A client developer who uses the library has an opportunity in 2.2 to make these changes before they are removed. They see the deprecation and they have some time to migrate. The alternative is that they want to update to 3.0 and suddenly they have to make the change then.
Why does removing the dependency affect a user of opensearch-java when we're duplicating the old transport? Is there a use of the client that depends on the source of the transport dependency? I'm asking because I'd like to find a way to remove the core dependency and avoid the major version bump.
+1 @wbeckler if there's no end-user change we can avoid the major version increment, it looks like we're not even changing the namespace
Why does removing the dependency affect a user of opensearch-java when we're duplicating the old transport?
@dblock @wbeckler this is a tricky question: we could duplicate old transport as-is, which basically means we would have at least 2 RestClient implementations, but we technically do not need to do that (see fe https://github.com/opensearch-project/opensearch-java/pull/281) and probably should not do that.
Is there a use of the client that depends on the source of the transport dependency?
We could keep the possibility to use RestClient from core (and not breaking the existing users) by making the rest-client dependency optional in 3.0.0 and still supporting it but not requiring.
I would pick restoring JDK 8 support over not doing a major version increment. I say @reta you should decide what's best and let us contribute with our invaluable thinking (TM). I think I'd merge any ready version of #281, including with breaking changes (and a major version increment).

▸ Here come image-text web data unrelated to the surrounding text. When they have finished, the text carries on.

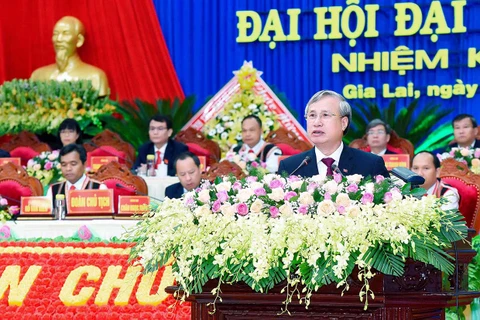 Ông Trần Quốc Vượng, Ủy viên Bộ Chính trị, Thường trực Ban Bí thư Trung ương Đảng, phát biểu chỉ đạo tại Đại hội. (Nguồn: Báo Gia Lai) 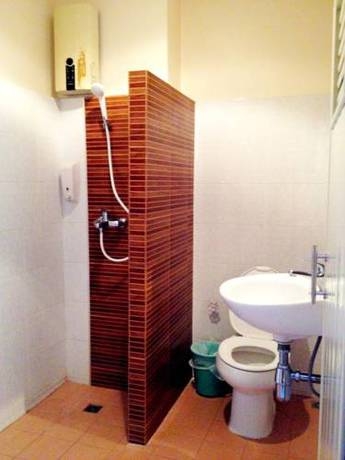 Imagen de la habitación del Hotel Muang Phol. Foto 14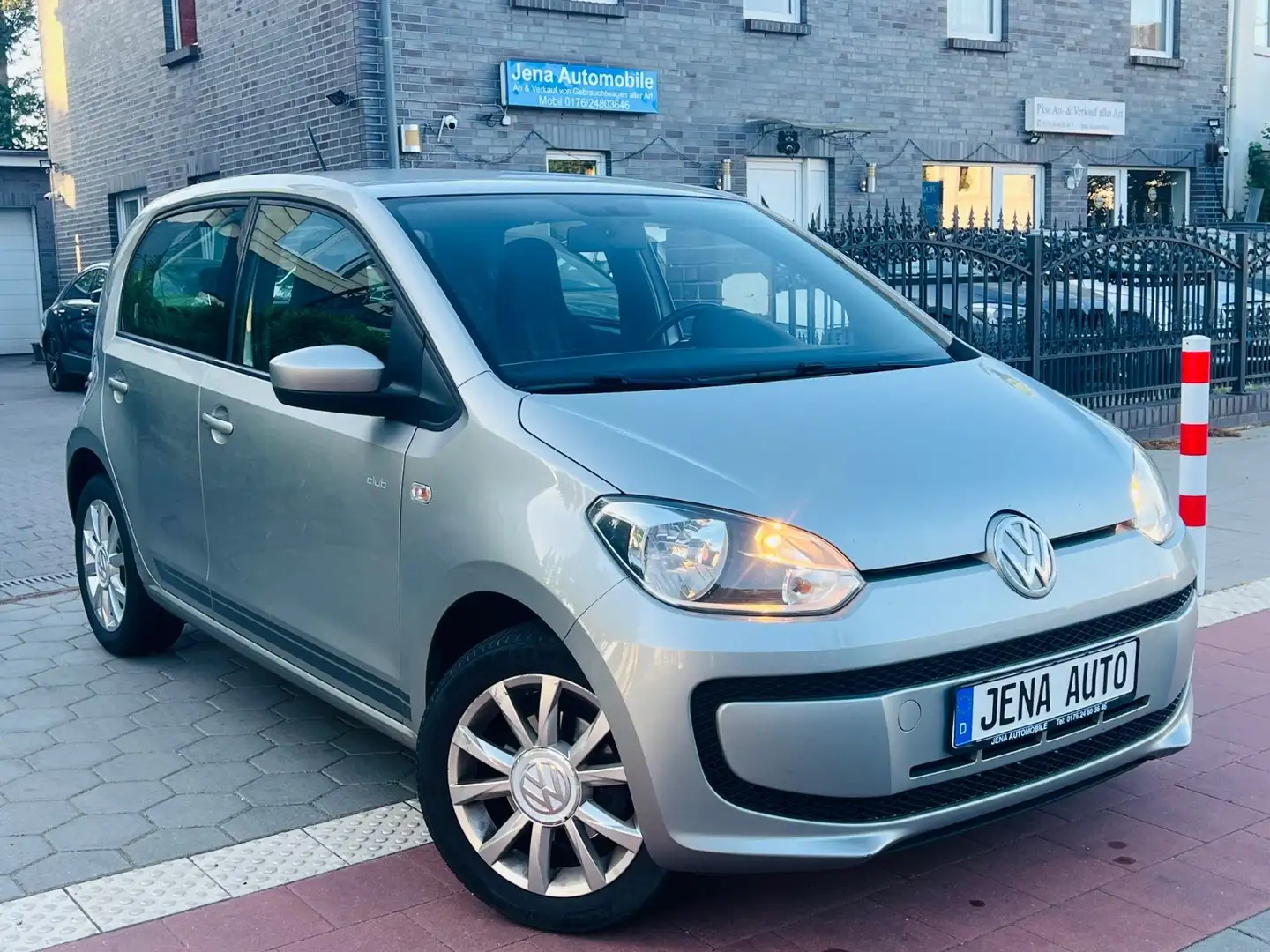Volkswagen up! club up! Klima 2 Vorbesitzer Service von 24 Argent - 1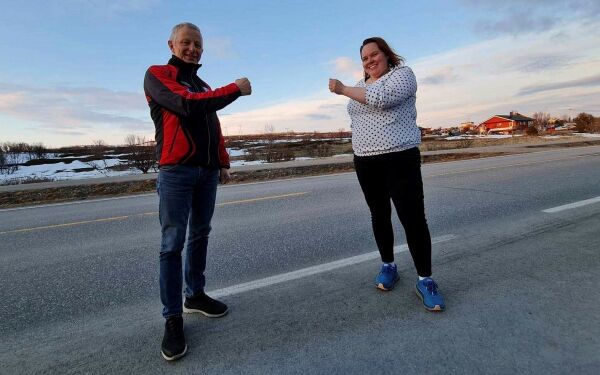 Stein overtar etter Elisabeth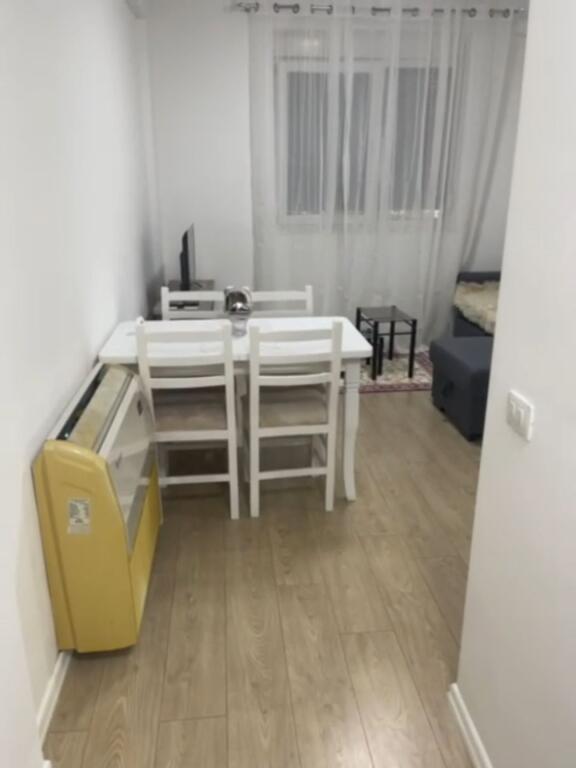 Jepet apartament me qira 1+1 Liqeni i Thate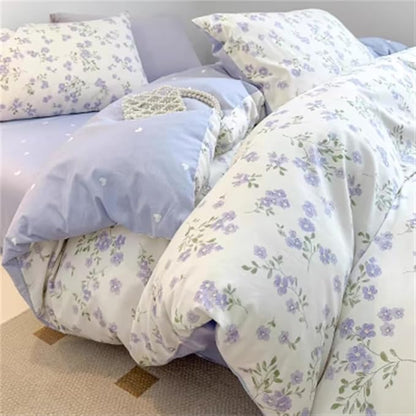 Floral Duvet Cover Queen Size Purple Lavender Heart Bedding Set 3Pcs Spring Romantic Aesthetic Garden Flower Love Pattern Cooling Comforter Cover with Zipper Closure and 2 Pillowcases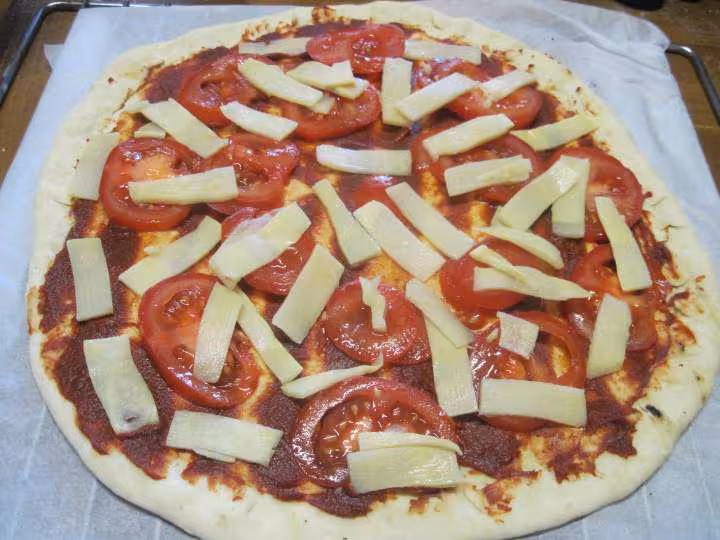 Pizza au jambon cru et tranches de bambou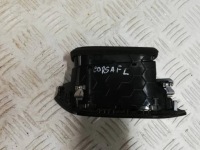 фото thumb №3, Opel corsa f решётка обдув консоли правая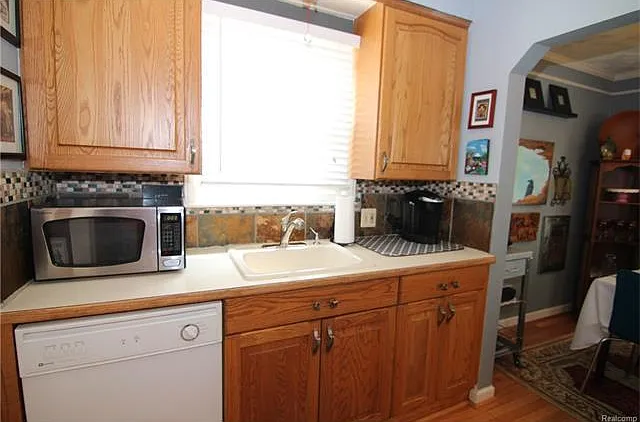 241 Devillen Ave — Photo 9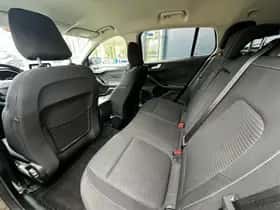 Ford Focus (2019) thumbnail 15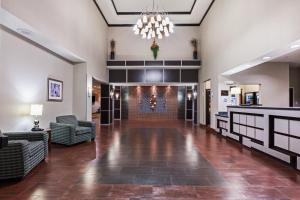 Imagen de la galería de Holiday Inn Express & Suites Cleveland, an IHG Hotel, en Cleveland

I also opened https://github.com/opensearch-project/OpenSearch/issues/5424. Would love your comments @reta and @dlvenable!
I also opened opensearch-project/OpenSearch#5424. Would love your comments @reta and @dlvenable!
It makes sense to me: if we drop dependency on core, the plugins may migrate to opensearch-java as well, as such RestClient could be dropped at some point. Regarding the suggested plan, it might be a bit aggressive (added a note https://github.com/opensearch-project/OpenSearch/issues/5424#issuecomment-1334412578)